Collected Stories includes both volumes of the National Book
Award-winning author Shirley Hazzard's short-story collections--Cliffs
of Fall and People in Glass Houses--alongside uncollected works and
two previously unpublished stories
Shirley Hazzard's Collected Stories is a work of staggering breadth
and accomplishment. Taken together, these twenty-eight short stories are
masterworks in telescoping focus, ranging from quotidian struggles
between beauty and pragmatism to satirical send-ups of international
bureaucracy, from the Italian countryside to suburban Connecticut.

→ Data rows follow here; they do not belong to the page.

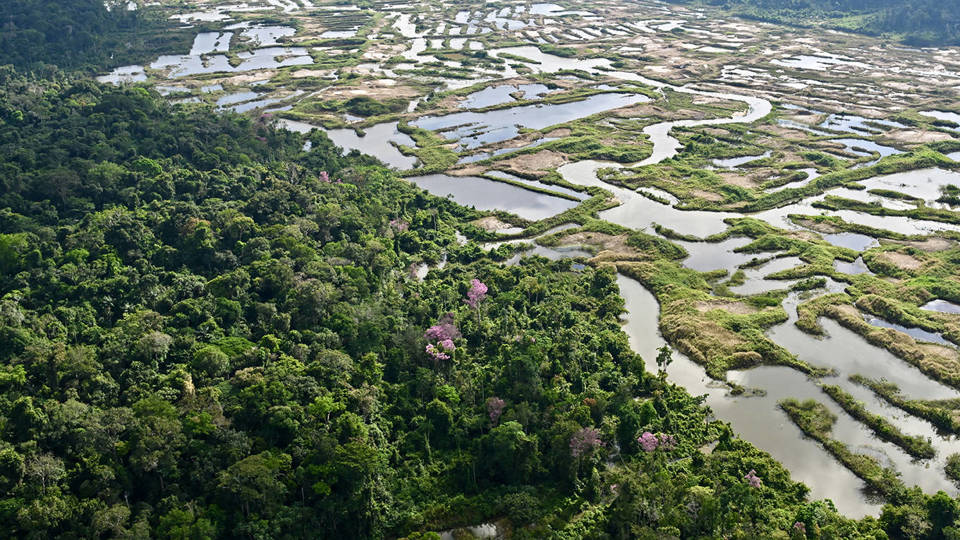 Who Will Pay to Preserve Tropical Forests?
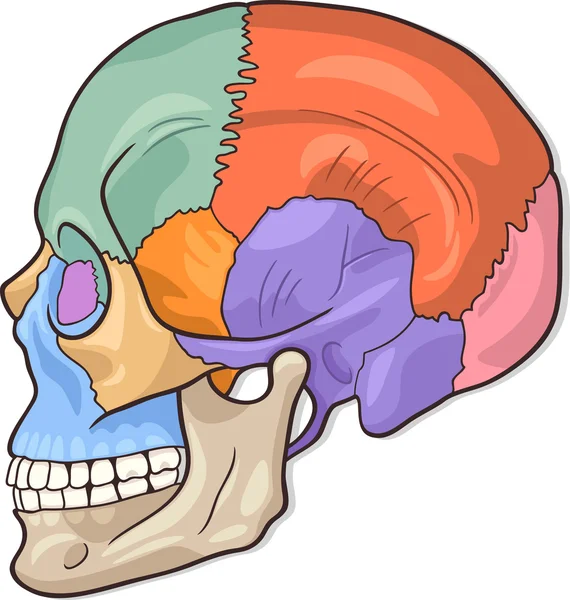 Human Skull Diagram Illustration — Stock Vector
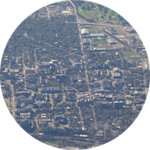 Where Did The Animals Go?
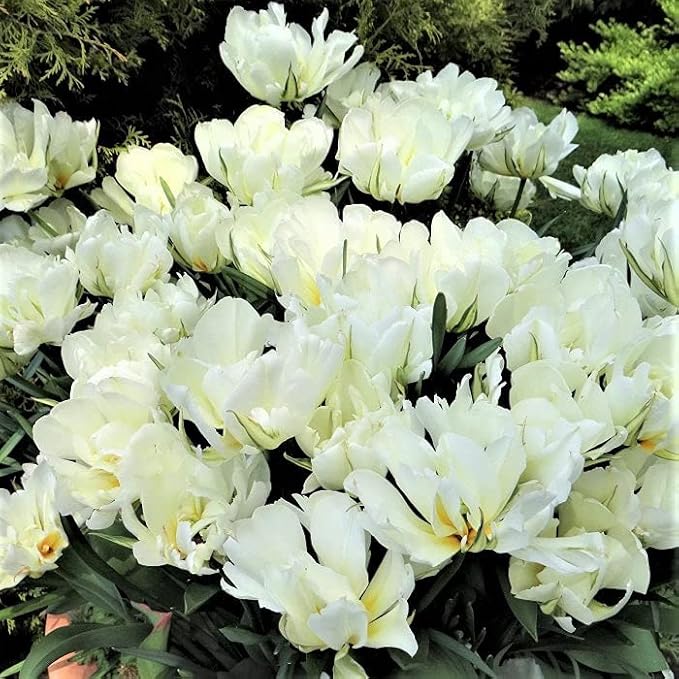 Eden Brothers Tulip Bulbs, Exotic Emperor, 10 Bulbs | Perennial Flowers, Spring or Fall Planted, Full Sun, Indoor Forcing or Outdoor Planting, Easy-to-Grow | Zones 3, 4, 5, 6, 7, 8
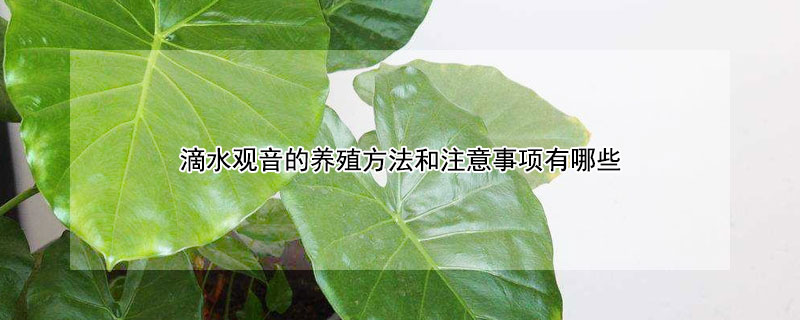 滴水觀音的養殖方法和注意事項有哪些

Hazzard's heroes are high-minded romantics who attempt to fit their
feelings into the twentieth-century world of office jobs and dreary
marriages. After all, as she writes in The Picnic, It was tempting to
confine oneself to what one could cope with. And one couldn't cope with
love. And yet it is the comedy, the tragedy, and the splendor of love,
the pursuit and the absence of it, that animates Hazzard's stories and
provides the truth and beauty that her protagonists seek.
Hazzard once said, The idea that somebody has expressed something, in a
supreme way, that it can be expressed; this is, I think, an enormous
feature of literature. Her stories themselves are a supreme evocation of
writing at its very best: probing, uncompromising, and deeply felt.